O grupo comete um equívoco ao dizer que Paulo foi morar em um país chamado Moscou, quando o correto seria dizer, na cidade de Moscou na Rússia. Outro pequeno problema, de menos peso, que aparece no texto diz respeito à explicação dada sobre os movimentos de rotação e translação da Terra.

Sabemos que a Terra está em movimento e o sol está parado (...) (p. 2). Neste caso, caberia dizer que o Sol está parado em relação à Terra. Os movimentos são sempre relativos.

Ao apresentar os conceitos científicos, o grupo faz com muita propriedade. Busca dar muitos exemplos à medida que introduz as explicações, sobretudo sobre os fusos horários.

Imaginemos o planeta Terra com uma esfera perfeita. Agora vamos dividi-la em 24 partes iguais, de norte a sul ao longo dos meridianos; cada parte parece-se com gomos de mexerica ou poça, e cada gomo desse recebe o nome de fuso-horário (p. 2).

Percebo que estes conceitos poderiam ter sido apoiados em ilustrações, que tornariam as explicações ainda mais claras. Essas ilustrações poderiam ser facilmente feitas pelo grupo ou encontradas na internet.

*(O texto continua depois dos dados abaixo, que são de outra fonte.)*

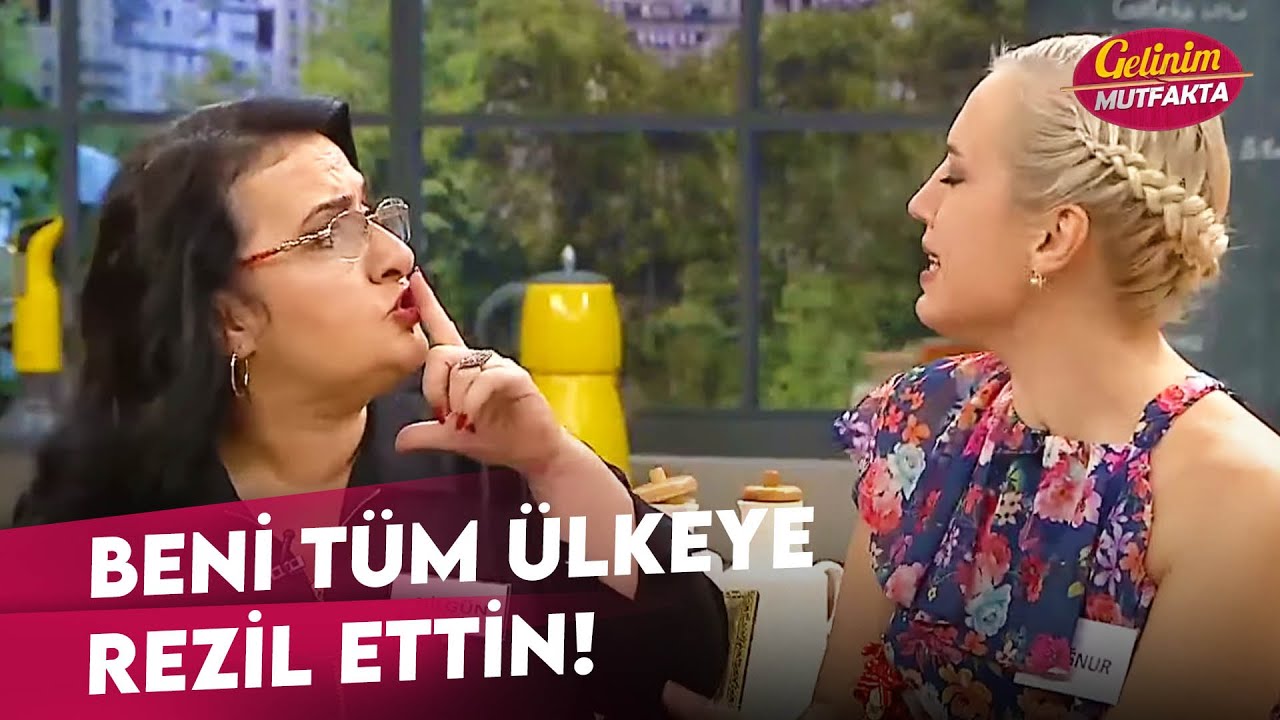 Yağnur'u Utandıran Görüntüler - Gelinim Mutfakta 16 Eylül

Mas se por um lado os alunos não utilizam ilustrações, por outro traz elementos do dia-a-dia da criança para dar as explicações. Buscam exemplos de coisas que a criança conhece, como por exemplo, gomos de mexerica ou poncã, lanterna, varinha e esfera. Esses mesmos elementos são trazidos pelos alunos quando fazem o experimento em sala de aula sobre o projeto (item 6.2.6, p. 133). Isso demonstra uma preocupação do grupo em estabelecer um elo entre a história infantil e o processo de ensino- aprendizagem da criança por meio do experimento.